Monetary instability, which results from discretionary government policies, is the enemy of an economy’s transition from statism to market liberalism. That’s the conclusion of a prestigious group of economists and policy analysts in a new book published by the Fraser Institute of Vancouver, Canada, Money and Markets in the Americas: New Challenges for Hemispheric Integration, edited by James A. Dorn, Cato’s vice president for academic affairs, and Roberto Salinas-Leon, director of Mexico’s Center for Free Enterprise Research (CISLE).

The book is based on papers presented at Cato’s 1994 monetary conference in Mexico City, which was cosponsored by CISLE and the Fraser Institute.

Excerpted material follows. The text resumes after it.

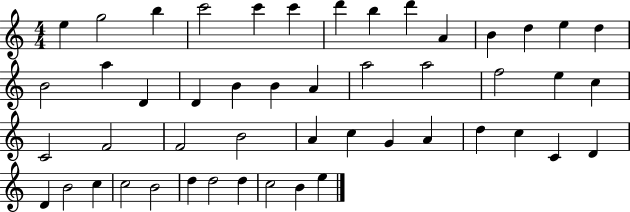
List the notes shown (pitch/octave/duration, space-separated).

E5/q G5/h B5/q C6/h C6/q C6/q D6/q B5/q D6/q A4/q B4/q D5/q E5/q D5/q B4/h A5/q D4/q D4/q B4/q B4/q A4/q A5/h A5/h F5/h E5/q C5/q C4/h F4/h F4/h B4/h A4/q C5/q G4/q A4/q D5/q C5/q C4/q D4/q D4/q B4/h C5/q C5/h B4/h D5/q D5/h D5/q C5/h B4/q E5/q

The papers were updated in light of the Mexican peso crisis in 1995, and several new papers were commissioned for the volume.

“It is the uncertainty about the actions of monetary authorities, and hence the future value of money, that endangers the transition from a closed to an open economy,” Dorn writes in his introduction to the book. “Without confidence in the value of money, the soundness of financial institutions, and the exchange rate,” he adds, “there can be little confidence in markets and prices. The temptation then is to revert to government regulation and move away from market liberalism.”

The book explores such issues as whether a monetary union in the Western Hemisphere would encourage or impede sound monetary policies, whether Mexico should adopt an Argentine-style currency board, and what type of monetary constitution is most appropriate for the nations of the Americas.

Contributors include Federal Reserve Board governor Lawrence B. Lindsey; Jerry L. Jordan, president of the Federal Reserve Bank of Cleveland; Michael Wilson, former international trade minister of Canada; John W. Crow, former governor of the Bank of Canada; Alan Walters, vice chairman of AIG Trading; Steve H. Hanke and Kurt Schuler of Johns Hopkins University; George A. Selgin of the University of Georgia; Juan Andròs Fontaine of the Catholic University of Chile; Jean-Luc Migue of the University of Quebec, and Edward L. Hudgins, Cato’s director of regulatory affairs; and Michael Walker, executive director of the Fraser Institute.